Naron also said the dismal results for the second exam were “logical”, as the country’s top students had already passed during the first round.
“If [the percentage of students who passed] was higher than last time, we’d be very suspicious,” he said.
At Preah Sisowath High School in central Phnom Penh hundreds of students morosely listened to the announcement of results broadcast by loudspeaker yesterday afternoon.
“It’s not an easy year for me,” said an 18-year-old female student that declined to be named after learning she had failed.
“I knew that this would happen because I’m not a good student. Even though I tried to study hard this past month, I still couldn’t do any better than before.”
The crying teenager said she would have to repeat grade 12 again.
But for the few who succeeded, celebrations were ecstatic.
Lok Chanvisal, 18, who passed with an E grade, cheered and jumped around with his friends before quickly calling his father to pass on the good news.
“I was trying so hard in the last month and I never went out with my friends like I used to do,” he said, adding that he was ready to re-ignite his social life, starting last night. “It’s time for Halloween [partying], which coincides with our success.”
Education watchdogs, however, were critical that the government shelled out $2.5 million to organise the re-test, given that hardly any students passed.
“Allowing all the students who failed [to re-sit] was a waste of government budget. There should have been criteria so students who scored too low the first time [just] failed and did not get a retry,” San Chey, country coordinator for social accountability group ANSA-EAP, said.

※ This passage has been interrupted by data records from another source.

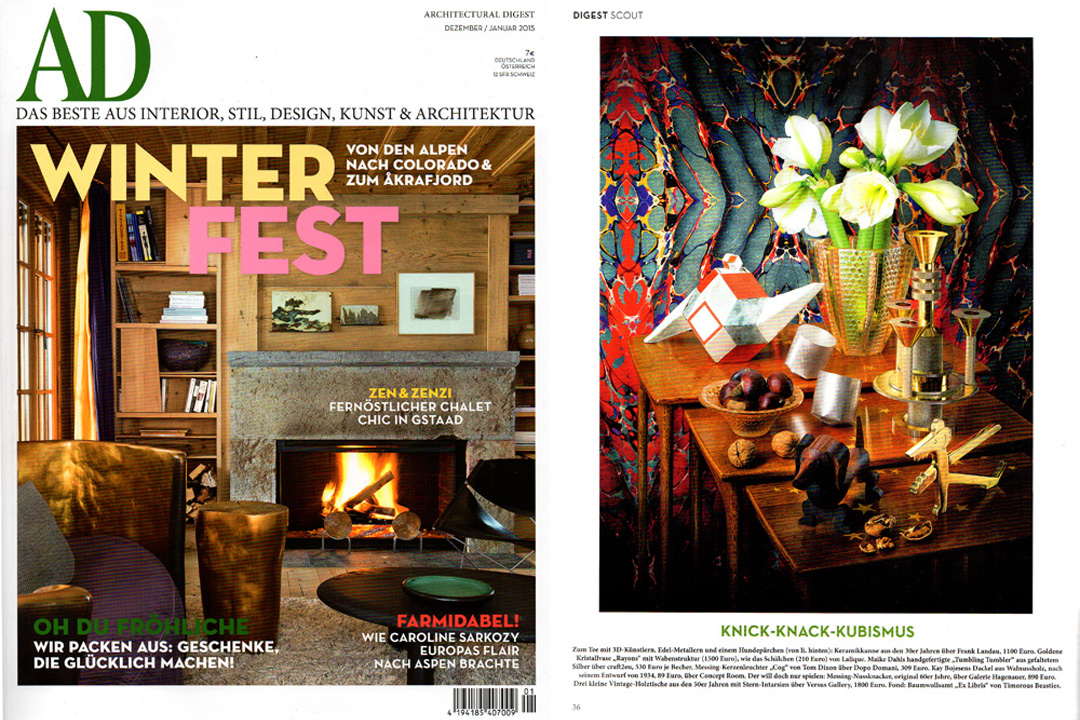Architectural Digest Germany, December 2014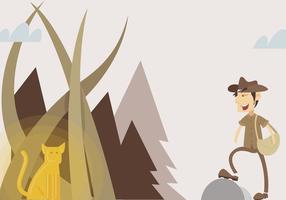 286x200 Treasure Hunt Free Vector Art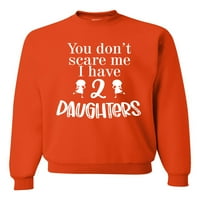 Ne plašite me da imam kćeri tata šala Humor unise Crewneck grafički džemper, narandžasti, srednji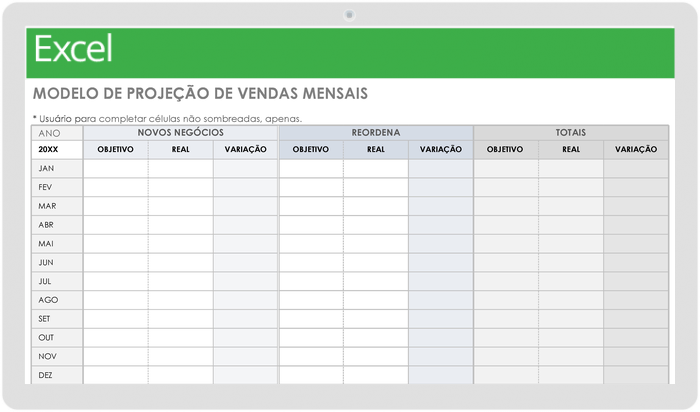 Mais De 15 Modelos Gratuitos De Previsão De Vendas Smartsheet 2979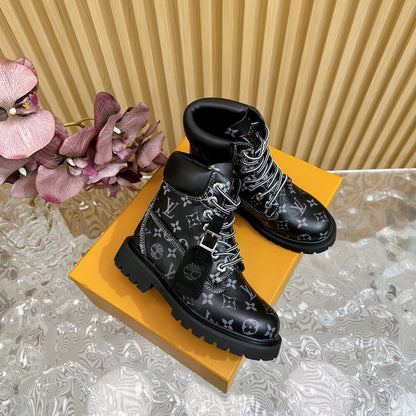 LV x Timberland 6-In High End Ankle Boot Black Monogram Calfskin
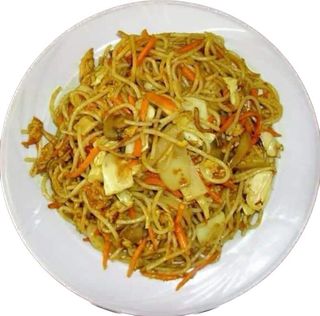 84.Spaghete prajite cu curry si ou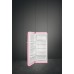 Fridge-Freezer Freestanding with Ice Compartment Total Capacity 281 Litres Smeg 50’s Style FAB28LPK5 - Pink left hand hinge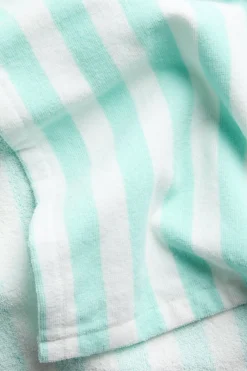 Raidallinen kylpyponcho puuvillafroteesta | Vihreä | Lapset | Kappahl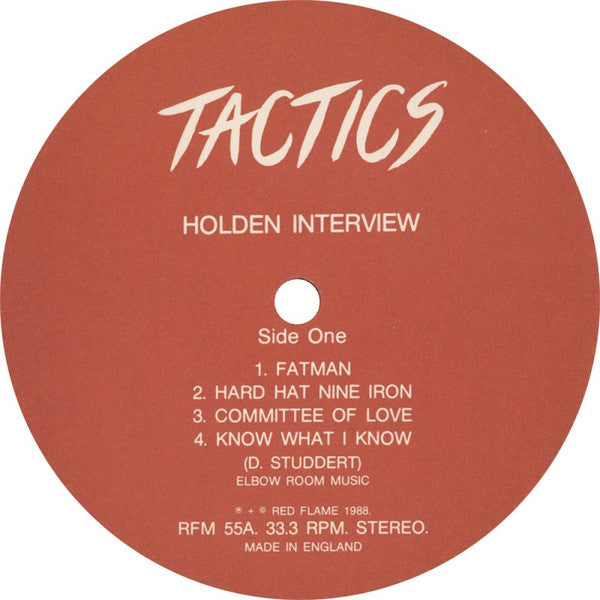 Tactics - Holden Interview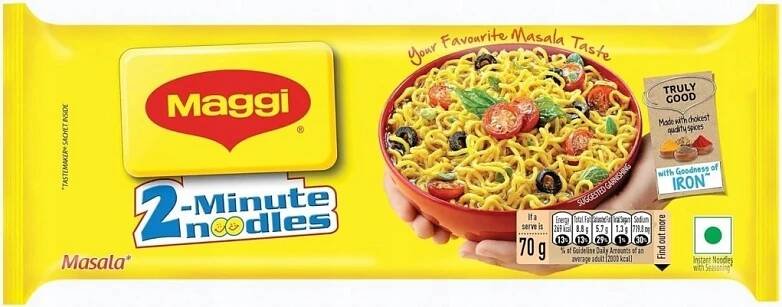 Instantní nudle 2minutové nudle Masala Maggi 560g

“The scores indicate we should have great concern for the quality of education in Cambodia.”
CNRP whip Son Chhay, who also serves as deputy head of the parliamentary commission on finance and banking, said the government’s move was “very positive”.
Chhay added that he believed $250 could be reached well before 2018 if reforms were expedited. Getting civil servants back on side was “a question of survival” for the CPP, he said.
But unions representing public workers yesterday had no praise for the government.
“Why do they have to wait until 2018?” said Rong Chhun of the Cambodian Independent Teachers’ Association.
Cambodian Independent Civil Servant Association head Kao Poeun said: “Despite the recent raises, their salaries are still low, so they won’t provide citizens with good public services. They will still try to make money through corruption.”
The results of students have clearly become a political battleground, for example between the teachers lobby and the Ministry – a battle over salaries and standards of teacher training.
By my calculations the eventual pass rate works out to be almost 40% – (26% on the first attempt, plus another 13% of the total on the second go.) In other words 60% of those who enter grade 12 are for some reason not making the distance.
I can think of at least three root causes for this, and they include:
- Poor standards of teacher training. It is one thing to supply enough teachers, but as my figures show elsewhere on this blog, around half the teachers in Cambodia have themselves progressed no further than grade 12.
- lack of teaching of study skills, and lack of textbooks or resources for students. It is one thing to attend classes in Cambodia, but many students don’t have the skills or resources to support what they learn in the classroom.
- Poverty. The current pass figures, low as they are, would be even lower if poor students – those from poor families – were even to make it through to grade 12. Many of those who do still need to work full time on the family farm or business simply to make ends meet with their family. Grade 12 students in many cases are forced by circumstances to treat school as their side activity; not their main one.